Keywords

1 Introduction

Proteins are required for growth and development in the human body. A protein, called a polypeptide, is composed of a chain of amino acids. A series of amino acids are linked together by peptide chains to form a protein backbone. An amino acid is the fundamental unit of a protein. There are twenty kinds of standard amino acids and each kind of amino acid can be differentiated by its R group. Each protein has its own specific functions and unique structure which can cooperate with other proteins to achieve some required functionalities. Because protein structure and protein function are closely related, in order to find out these protein functions, most biologists adopt the approaches that predict protein tertiary structures by means of amino acid sequences or other related information.

There are two main approach types of the protein structure prediction. The first one is the experimental method, including X-ray diffraction and nuclear magnetic resonance (NMR) [10, 14]. The other one is the computational method, including homology modeling [5], folding recognition [6], and ab initio [9]. As for these two categories, the former one requires a lot of time and cost while the latter one doesn’t. Therefore, this motivates us to adopt the computational method to predict the 3D protein structure.
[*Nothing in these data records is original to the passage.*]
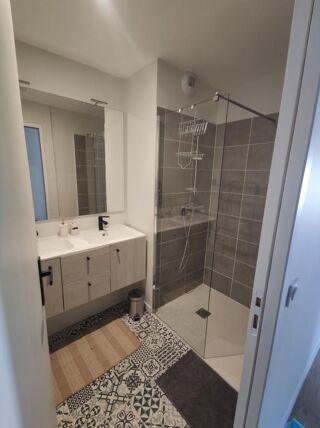  Appartement à louer 3 pièces 85 m²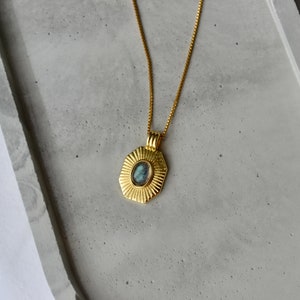Delicata collana con ciondolo in labradorite riempita d&#39;oro, collana con ciondolo a medaglione di cristallo, collana a strati in oro, collana impilabile in oro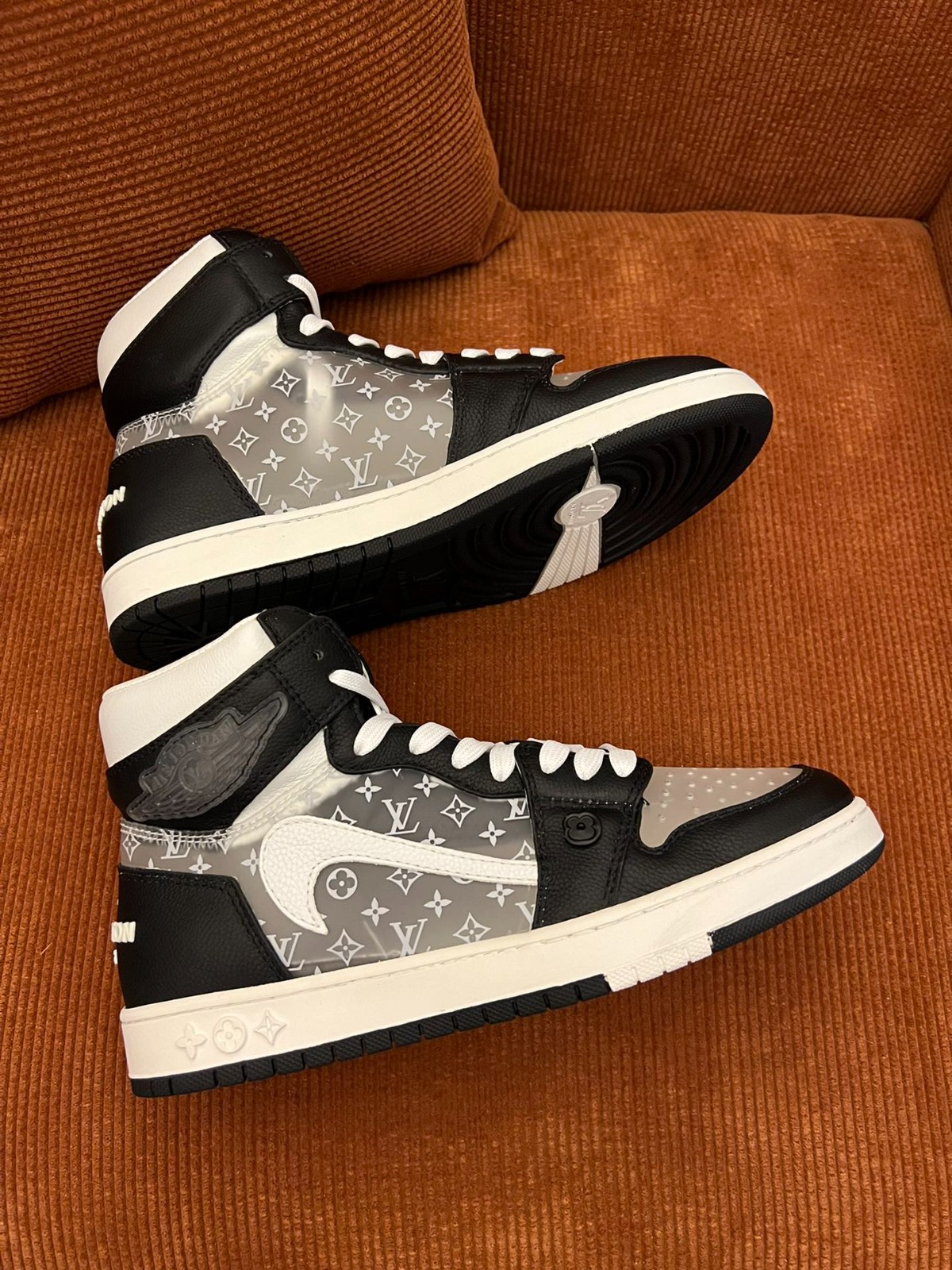 060 079#001-LV-shoes-01-2023SS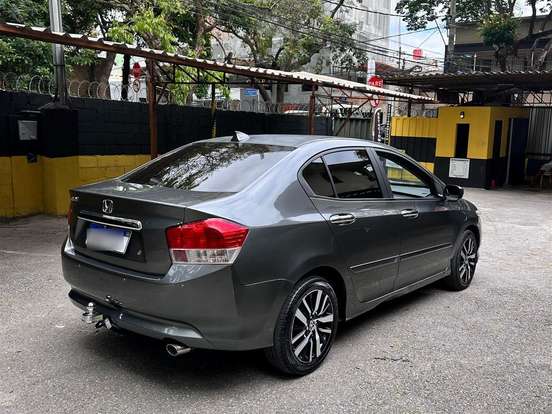 HONDA-CITY-1.5 LX 16V FLEX 4P AUTOMÁTICO HONDA-CITY-2010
The all-atom protein backbone reconstruction problem (PBRP) is to utilize a protein sequence and its 3D coordinates of \(\alpha \)-carbon (C\(_{\alpha }\)) for predicting the 3D coordinates of all atoms (N, C and O atoms) on the protein backbone. There are several related studies which fall into this category, such as SABBAC [11], Wang’s method [17], Chang’s method [2], BBQ [4], Chen’s method [3], Wu’s method [18], PD2 [12] and so on. For a complete survey on the methods (or software) of the protein backbone prediction, one can refer to the thesis written by Yuan [19].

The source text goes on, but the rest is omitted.